- [DATASET CONTENT]
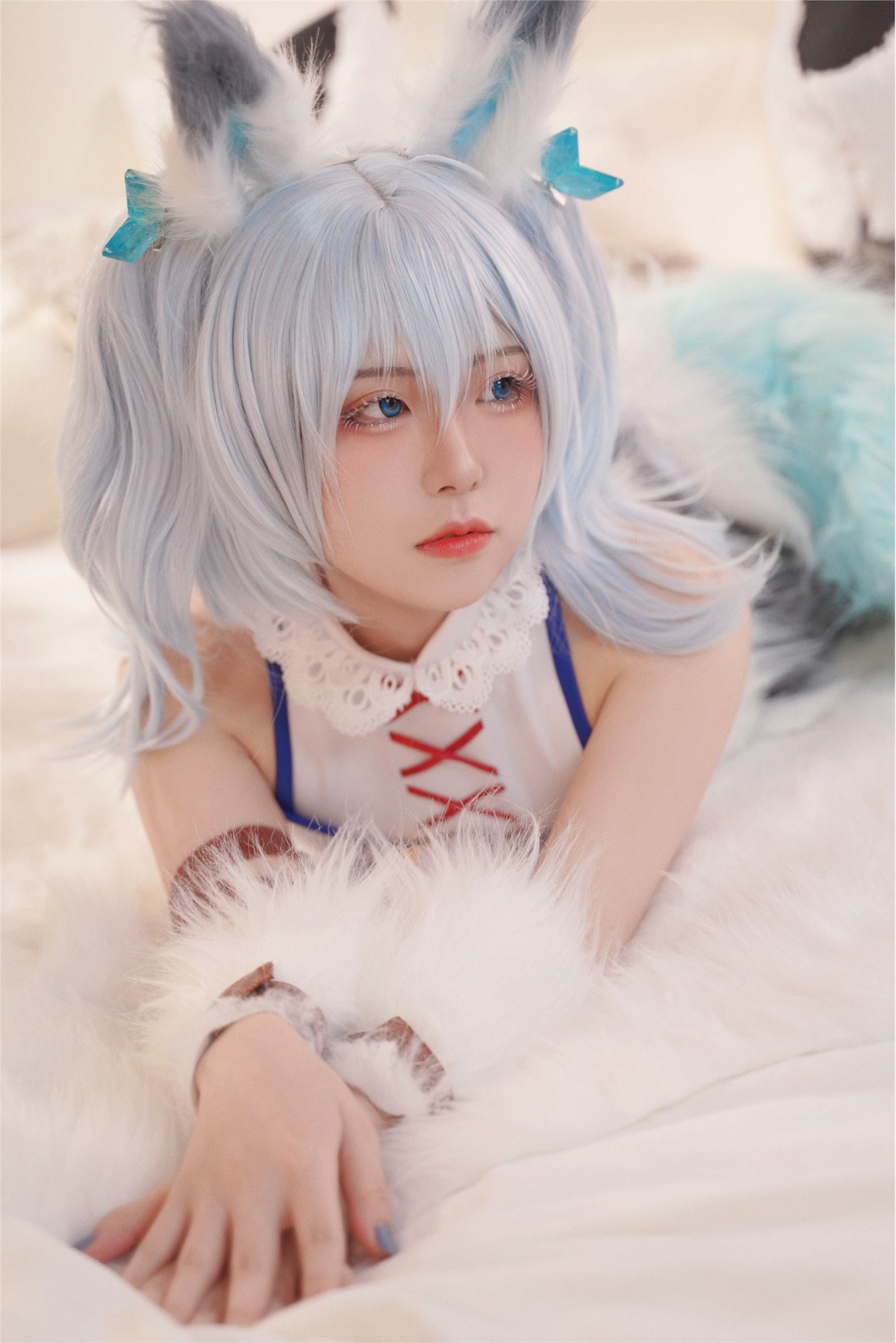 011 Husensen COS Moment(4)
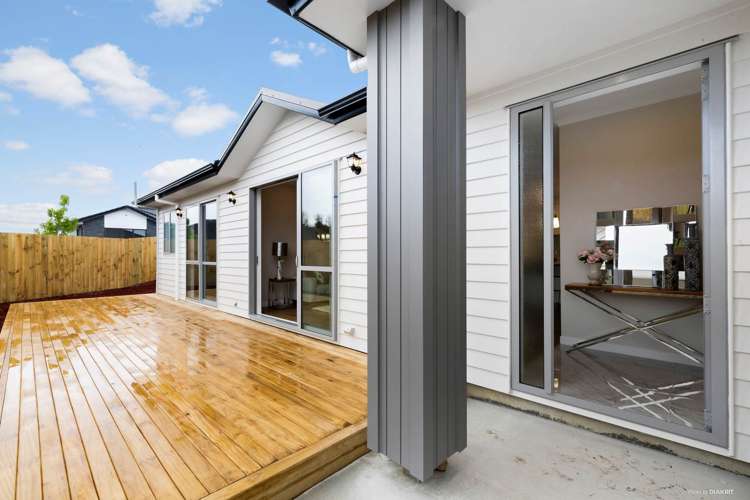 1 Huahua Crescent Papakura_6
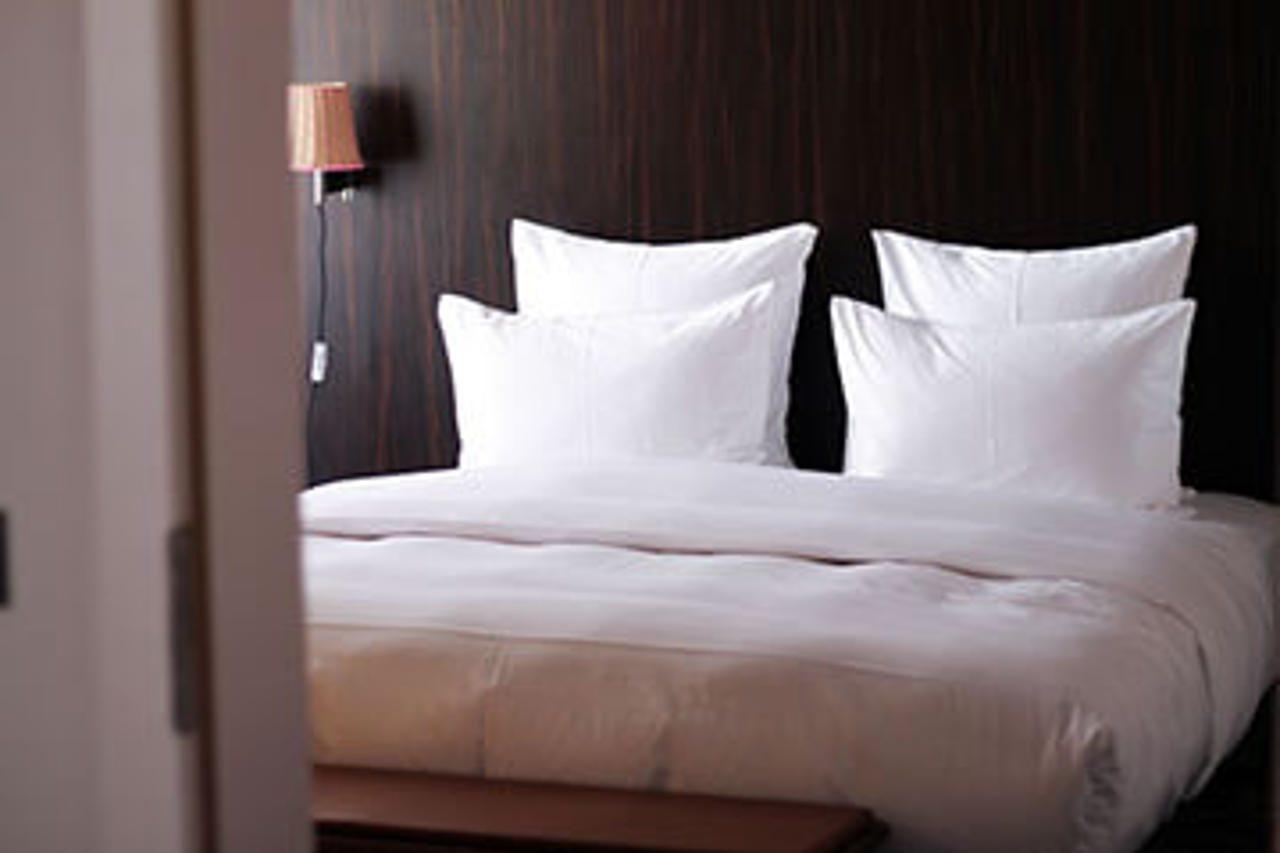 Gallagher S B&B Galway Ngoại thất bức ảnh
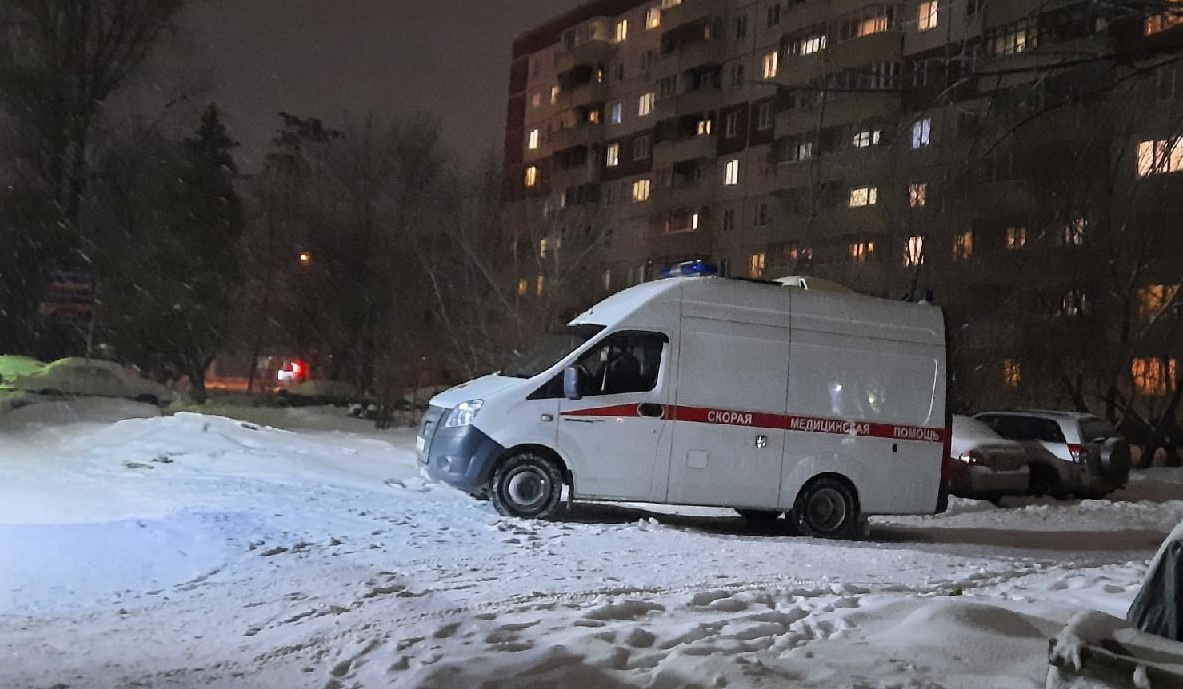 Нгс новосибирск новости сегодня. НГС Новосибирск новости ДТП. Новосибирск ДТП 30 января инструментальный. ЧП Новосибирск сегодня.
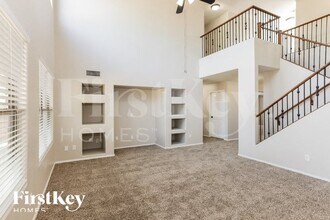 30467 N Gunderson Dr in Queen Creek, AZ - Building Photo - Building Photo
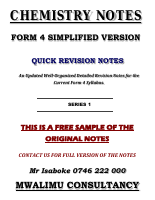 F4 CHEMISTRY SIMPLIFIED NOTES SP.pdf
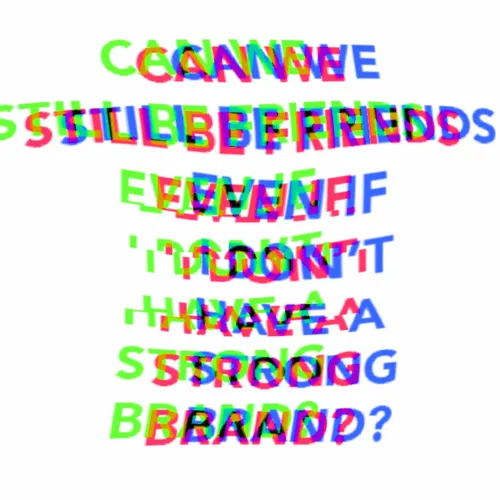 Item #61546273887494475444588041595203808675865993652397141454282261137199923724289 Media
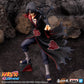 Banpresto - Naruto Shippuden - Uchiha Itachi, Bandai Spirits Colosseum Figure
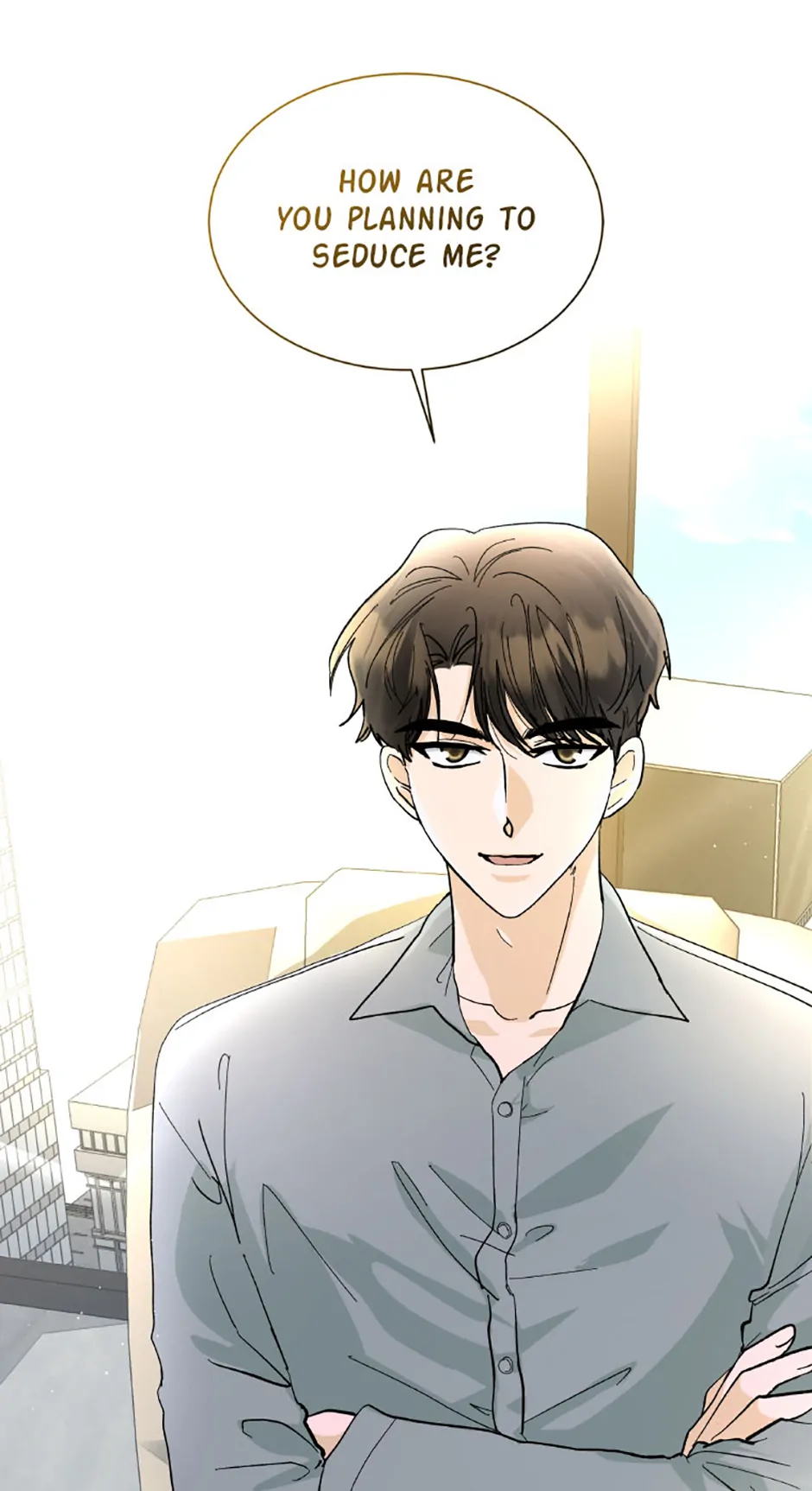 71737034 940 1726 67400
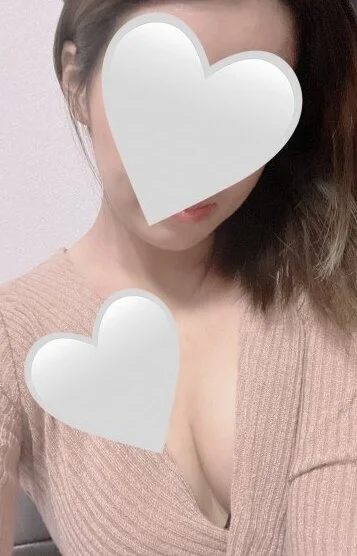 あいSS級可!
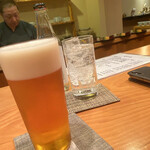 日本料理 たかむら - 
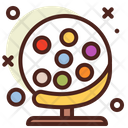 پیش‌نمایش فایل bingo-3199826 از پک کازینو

- [WHAT YOU SHOULD DO]
Set down every entry above exactly as written, but skip the pictures.

- [EXERCISE SOLUTION]
 011 Husensen COS Moment(4)
 1 Huahua Crescent Papakura_6
 Gallagher S B&B Galway Ngoại thất bức ảnh
 Нгс новосибирск новости сегодня. НГС Новосибирск новости ДТП. Новосибирск ДТП 30 января инструментальный. ЧП Новосибирск сегодня.
 30467 N Gunderson Dr in Queen Creek, AZ - Building Photo - Building Photo
 F4 CHEMISTRY SIMPLIFIED NOTES SP.pdf
 Item #61546273887494475444588041595203808675865993652397141454282261137199923724289 Media
 Banpresto - Naruto Shippuden - Uchiha Itachi, Bandai Spirits Colosseum Figure
 71737034 940 1726 67400
 あいSS級可!
 日本料理 たかむら - 
 پیش‌نمایش فایل bingo-3199826 از پک کازینو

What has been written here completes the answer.